COURSE OF PROJECTIVE GOMETRY
§ 3: answers
O8 Desargues: given two triangles a1b1c1 and a2b2c2, where a1.a2, b1.b2 and c1.c2 are lying on one line (then we call the triangles line perspective); then the connecting lines a1b1-a2b2, a1c1-a2c2 and b1c1-b2c2 concur (we call the triangles correspondingly point perspective).
Notice that the dual theorem of Desargues is the reverse of the theorem of Desargues: together they form the theorem that two triangles are point perspective if and only if they are (correspondingly) line perspective.
Pappus: Given two points L and M, three lines a1,a2,a3 through L, and three lines b1,b2,b3 through M. Then the connecting lines a1b2-a2b1, a1b3-a3b1 and a3b2-a2b3 concur.
O9 Using Desargues: choose two points A1 and B1 on l and two points A2 and B2 on m, so that l.m = A1B1. A2B2 = T.
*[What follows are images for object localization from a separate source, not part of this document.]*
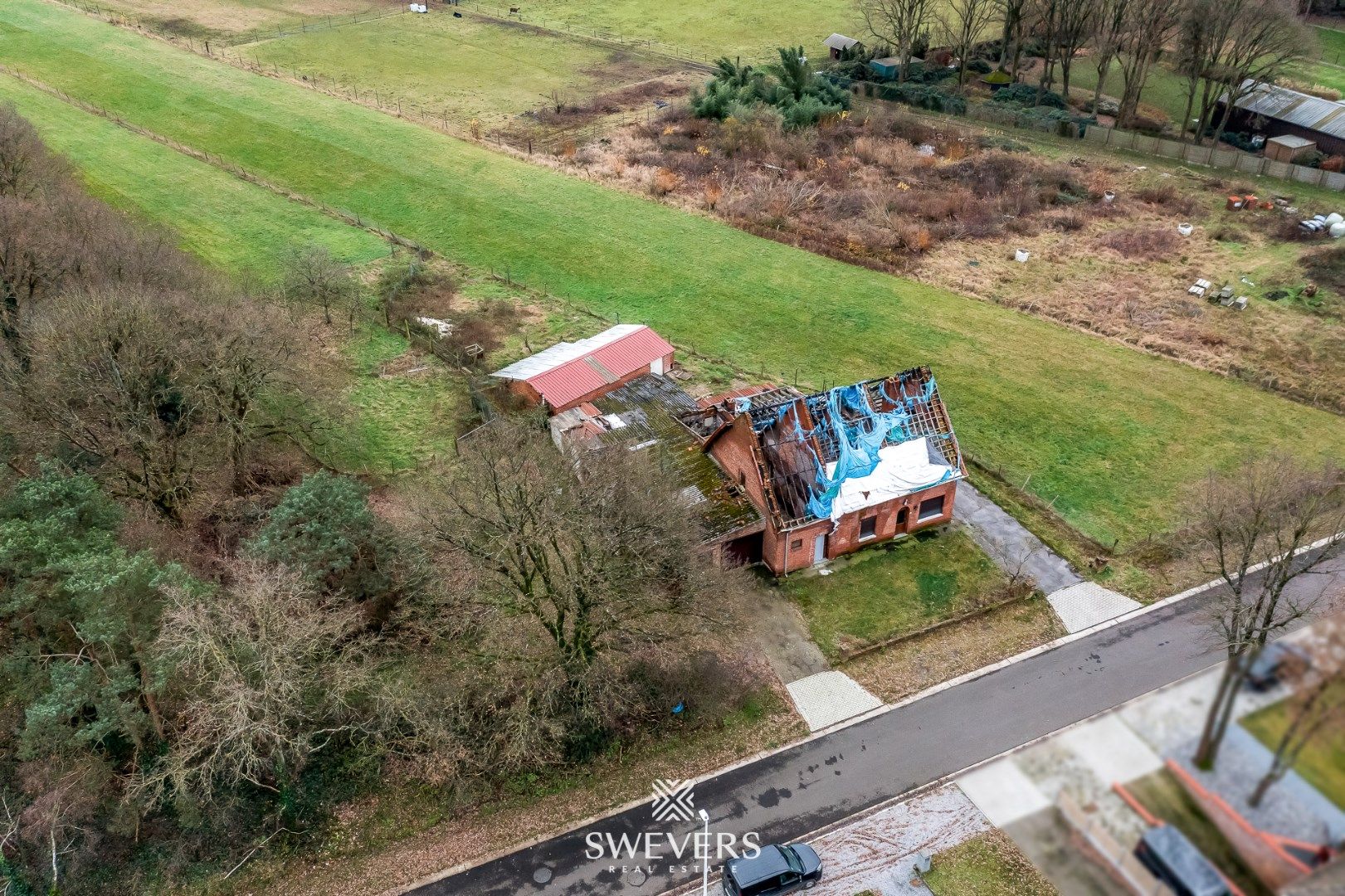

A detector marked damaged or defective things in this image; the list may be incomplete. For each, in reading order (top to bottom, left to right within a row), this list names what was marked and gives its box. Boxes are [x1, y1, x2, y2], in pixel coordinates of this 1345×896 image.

fire-damaged house [501, 329, 962, 574]
fire-damaged house [690, 370, 962, 574]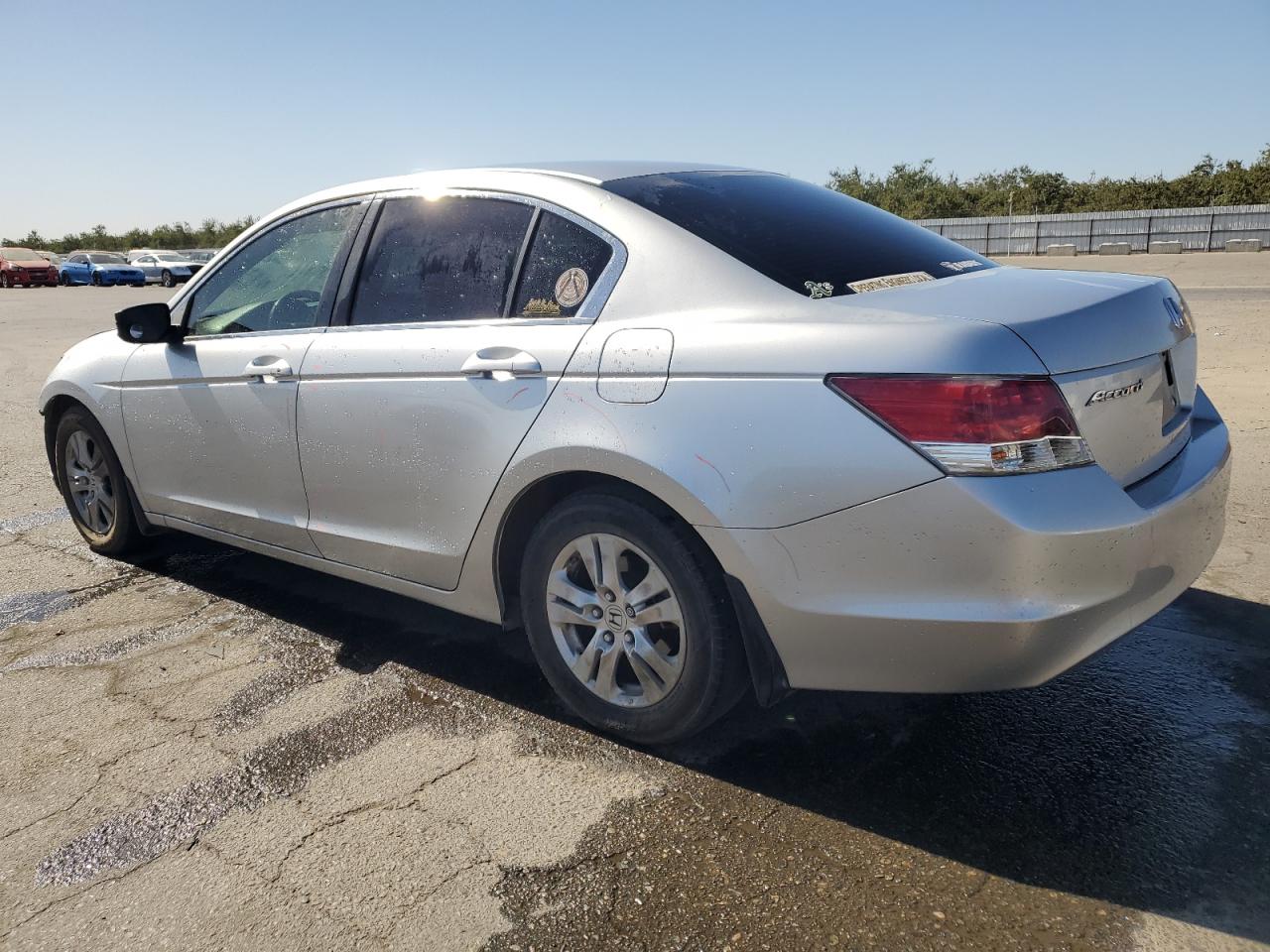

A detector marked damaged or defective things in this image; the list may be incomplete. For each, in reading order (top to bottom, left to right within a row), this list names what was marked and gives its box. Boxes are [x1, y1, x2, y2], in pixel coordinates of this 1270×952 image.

cracked asphalt [0, 253, 1262, 952]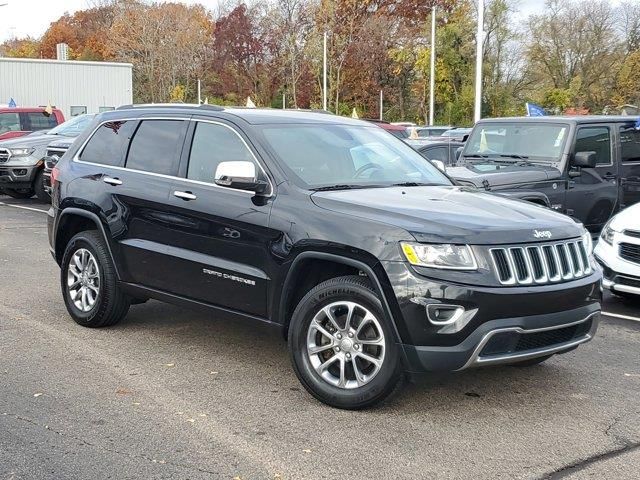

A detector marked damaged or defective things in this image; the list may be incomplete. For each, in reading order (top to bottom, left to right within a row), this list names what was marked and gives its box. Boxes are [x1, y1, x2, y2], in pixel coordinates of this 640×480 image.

pavement crack [1, 412, 220, 476]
Make a Desargues configuration with triangles A1B1C1 and A2B2C2 that are point perspective with center T, so that P = A1C1. A2C2.
Then the required line goes through P and B1C1. B2C2.
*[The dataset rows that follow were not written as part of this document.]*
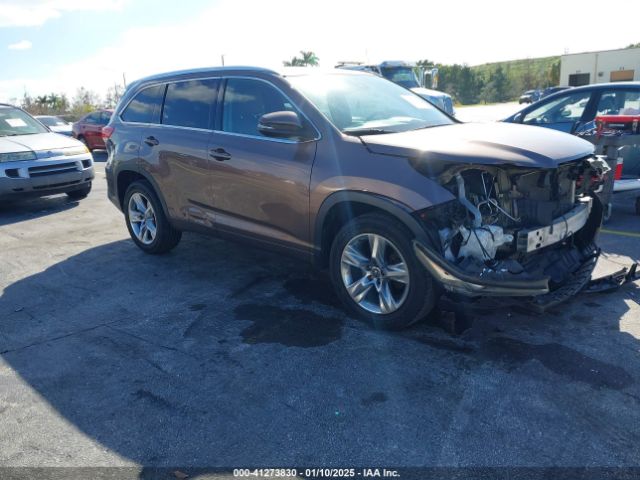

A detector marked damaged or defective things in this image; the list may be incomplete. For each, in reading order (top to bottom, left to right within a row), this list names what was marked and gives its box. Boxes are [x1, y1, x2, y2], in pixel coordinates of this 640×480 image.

crumpled hood [0, 131, 83, 154]
damaged toyota highlander [105, 68, 608, 330]
crumpled hood [362, 122, 592, 169]
crushed front end [416, 156, 608, 310]
cracked asphalt [1, 152, 640, 474]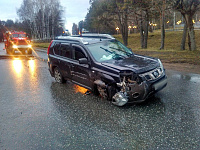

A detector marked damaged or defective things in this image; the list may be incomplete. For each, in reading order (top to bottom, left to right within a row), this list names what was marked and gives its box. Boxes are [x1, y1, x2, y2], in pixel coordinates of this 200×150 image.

damaged black suv [47, 34, 167, 106]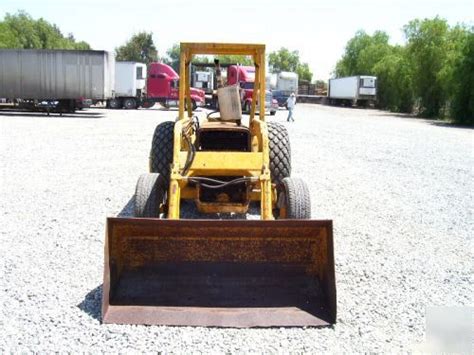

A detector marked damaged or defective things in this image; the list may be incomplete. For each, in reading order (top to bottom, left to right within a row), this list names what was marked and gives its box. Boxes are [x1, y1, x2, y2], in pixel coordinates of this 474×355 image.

rusty loader bucket [102, 218, 336, 326]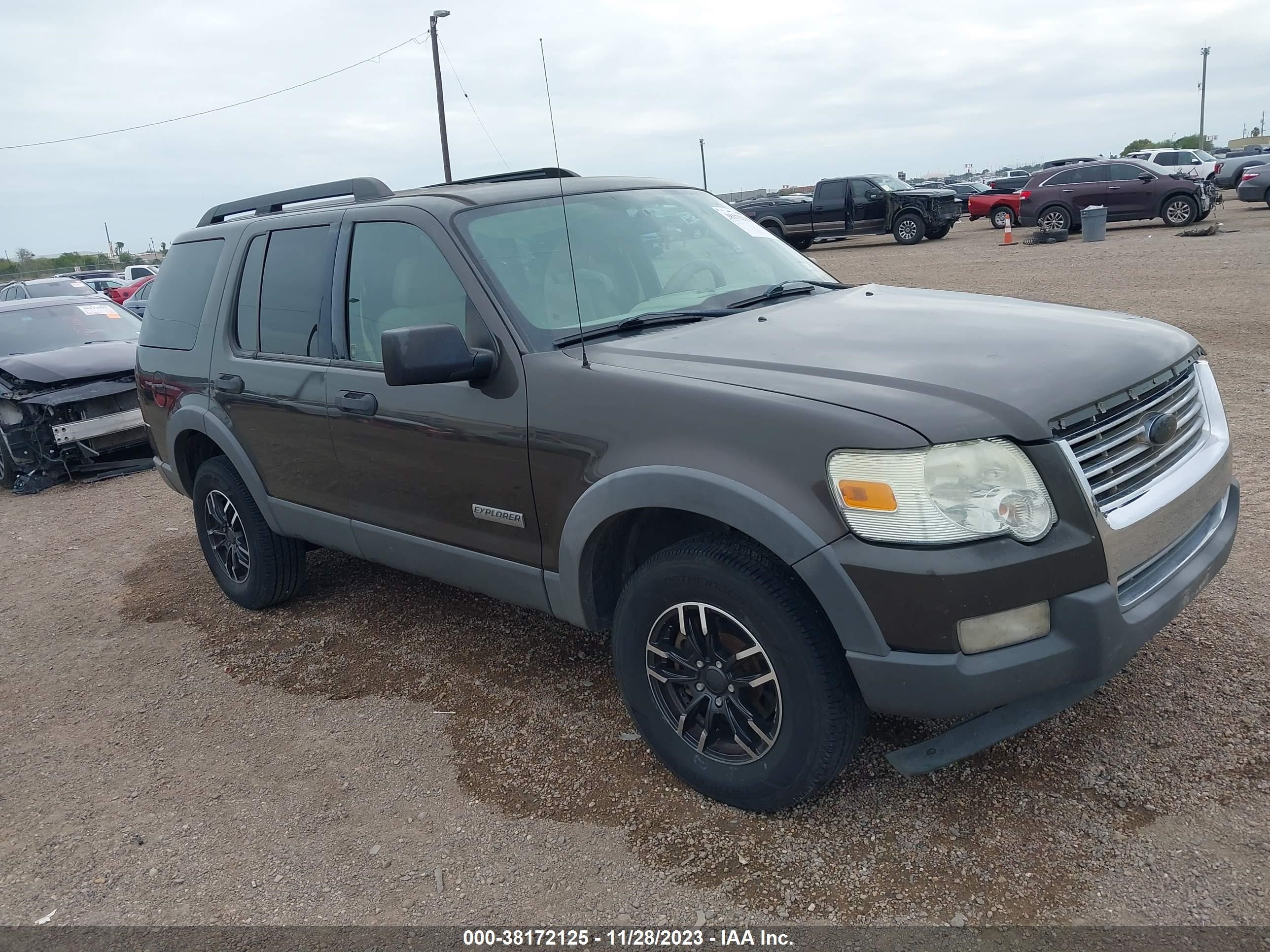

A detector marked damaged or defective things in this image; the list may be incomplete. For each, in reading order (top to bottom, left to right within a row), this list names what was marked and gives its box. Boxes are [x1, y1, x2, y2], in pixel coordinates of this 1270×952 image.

O10 Using Pappus: draw a line m that doesn't coincide with l and not through A or B. Choose points L1,L2,L3 on l and M1,M2,M3 on m so that A = L1M2. L2M1, B = L2M3. L3M2. Then the line through A and B is the line through B and L1M3. L3M1.
General method: first make a configuration of Desargues or (dual) Pappus, and find therein three points on a line or three lines through a point, whatever the problem requires.
Now make the construction by adding an element of the configuration again and again, as the problem requires, checking each time whether some elements of the configuration are now fixed or that they all can be chosen freely.
ABC and A'B'C' are point perspective, but not line perspective.